JOHOR BAHRU, April 17 — The Johor-Singapore Special Economic Zone (JS-SEZ) can be a competitive advantage in attracting fresh foreign direct investment (FDI) in the region, especially as supply chains migrate south while also fast-tracking net-zero transition, Maybank Investment Bank (Maybank IB) said.

The investment bank said JS-SEZ could make it easier and more attractive for Singapore companies, multinational corporations (MNCs) and small and medium enterprises (SMEs) to invest in Johor while complementing and sharpening Singapore’s FDI competitiveness.

“Investors will have access to Singapore’s world-class financial centre and logistics infrastructure as well as Johor’s more affordable labour pool, abundant land and cheaper energy resources.

“For instance, median monthly wages in Johor were less than half that of Singapore in 2022, at US$1,563 (US$1=RM4.79), while the average electricity tariffs for businesses in Johor are around 40 per cent that of Singapore,” it said in a research note today.


It said JS-SEZ is believed to ultimately catalyse five equity investment themes that should impact multiple sectors across Singapore and Malaysia, including optimising hinterland access by easing people and goods movement and stimulating north-south supply chain shifts through access to capital, policy stability and infrastructure.

Maybank IB said other themes are fast-tracking net-zero transition through the development of green energy generation and transmission; expanding infrastructure and property development to cater to increased demand for housing, commercial, industrial and leisure facilities; and broadening the SME economy through increased demand for support services and goods as MNCs and trade flows shift.

It said the JS-SEZ could create a regionally differentiated value proposition through its combination of capital access, infrastructure and policy stability.

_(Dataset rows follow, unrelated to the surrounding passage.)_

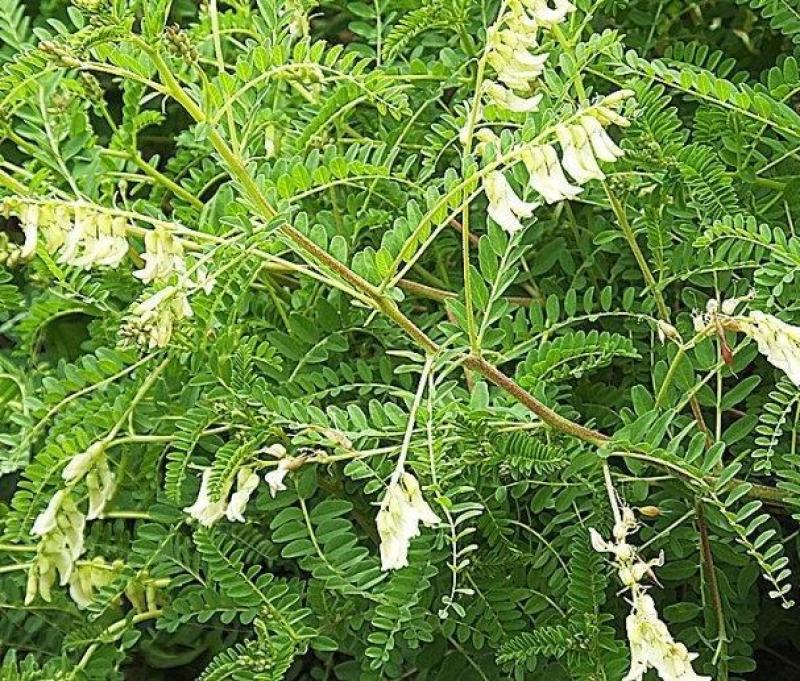 黄芪种子中草药材种子营养滋补中药绵芪绵黄芪棉黄芪种子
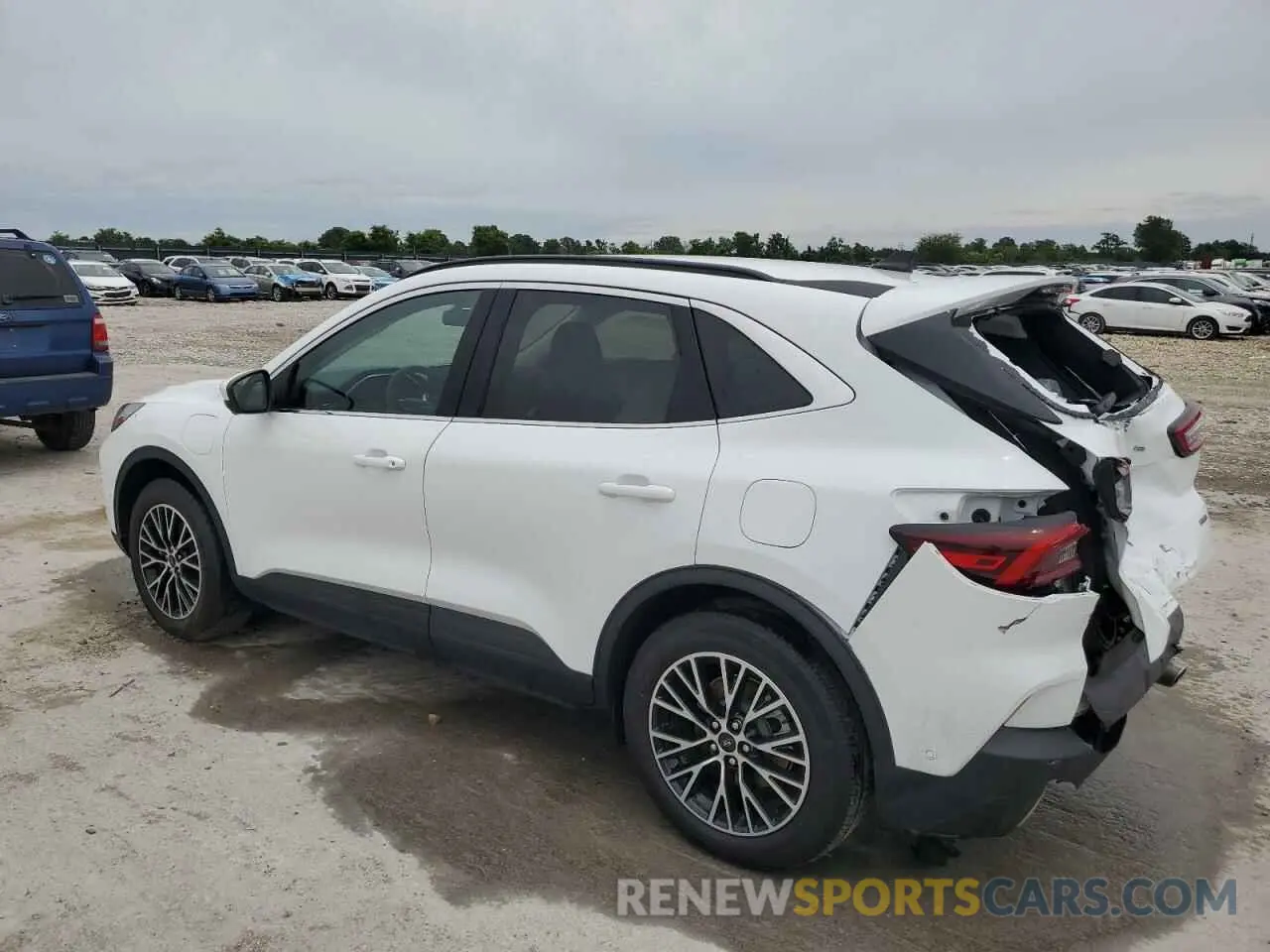 2 Photograph of a damaged car 1FMCU0E12PUA06643 FORD ESCAPE 2023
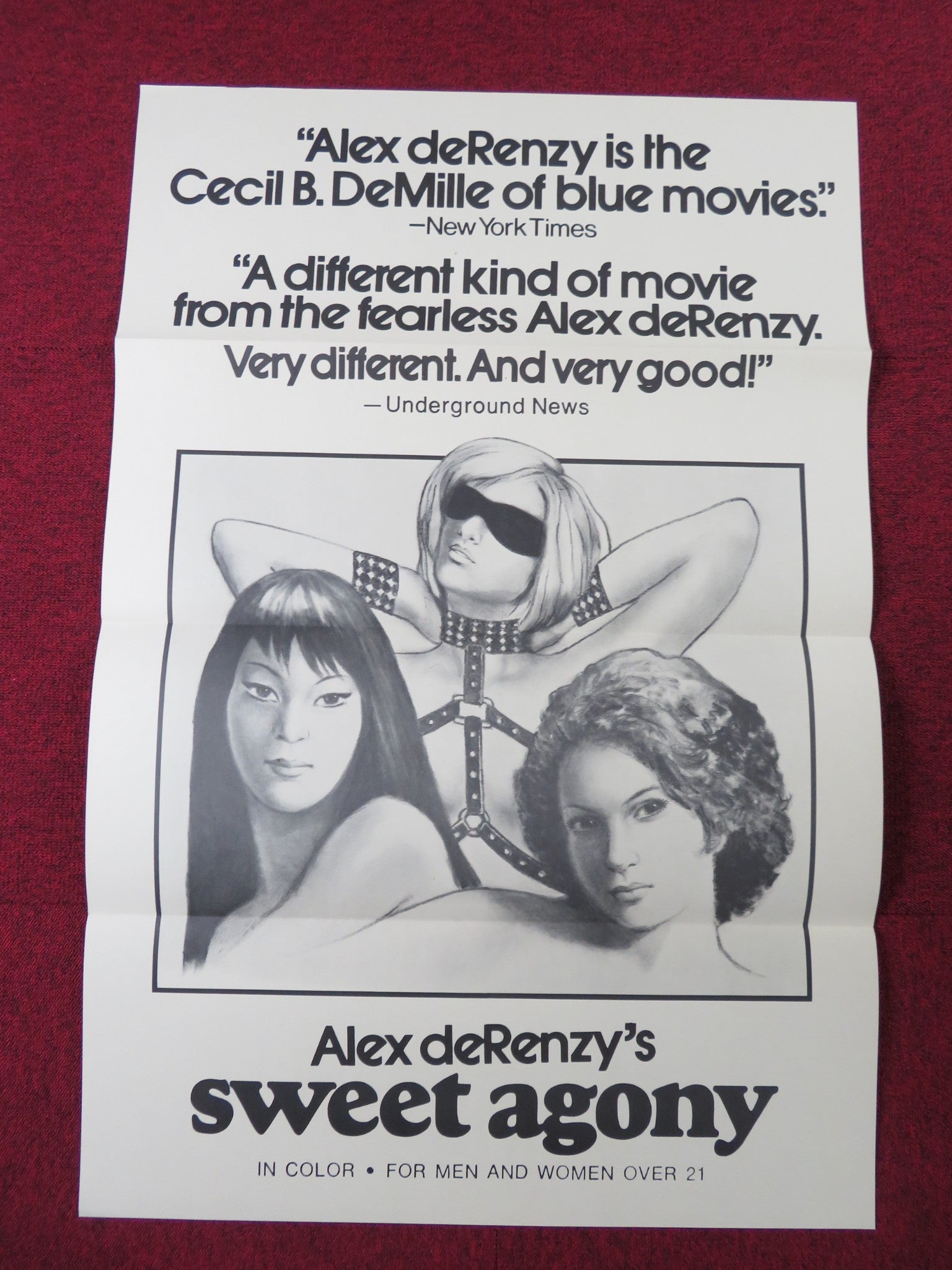SWEET AGONY US TRI FOLDED ONE SHEET ROLLED POSTER JOAN DEVLON CLAIRE JAMES 1974 Rendezvous Cinema Movie posters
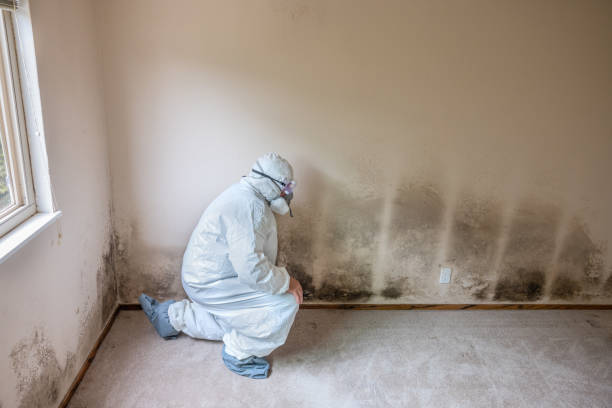 Water Damage Restoration in Cherry Valley, IL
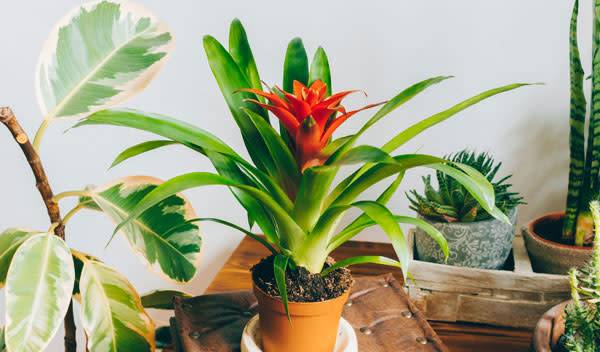 Guzmania : entretien, culture et floraison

“Broad sector winners include banking, property and real estate investment trusts (REITs), industrials, renewables, technology and telecom,” it said.

It said banks are key given already entrenched cross-border positioning, enabling share gain from higher wholesale and retail credit demand and fees from trade, while increased infrastructure investments as well housing and commercial facilities demand could be a boon to Singapore and Malaysia property developers and REITs.

“Data centre establishment should be positive for Singapore and Malaysia’s telecommunication companies as well as electronics manufacturing players,” it said.

It said increased renewable capacity should spur Singapore’s industrial sector and Malaysia’s renewable energy sector, while easier travel could ease labour pressures and widen the mass market for Singapore’s gaming.

The investment bank said that backed by clear policy and strong execution, JS-SEZ has the potential to materially uplift economic value creation on both sides of the causeway.

“Integrating Singapore’s global financial and logistics capabilities with Johor Bahru’s access to competitive land, labour and renewable energy is a synergy multiplier,” it added.

JS-SEZ aims to strengthen economic connectivity by simplifying the movement of people, investments and goods across the Malaysia-Singapore border, as well as strengthening the business ecosystem to support investments.

The Johor state government has proposed for JS-SEZ to be located in Iskandar Malaysia, an economic growth corridor that spans 2,217 square kilometres across southern Johor, an area three times the size of Singapore, which includes Johor’s capital city, Johor Bahru, the heavy industrial city Pasir Gudang, Iskandar Puteri, Kulai, Sedenak and part of Pontian.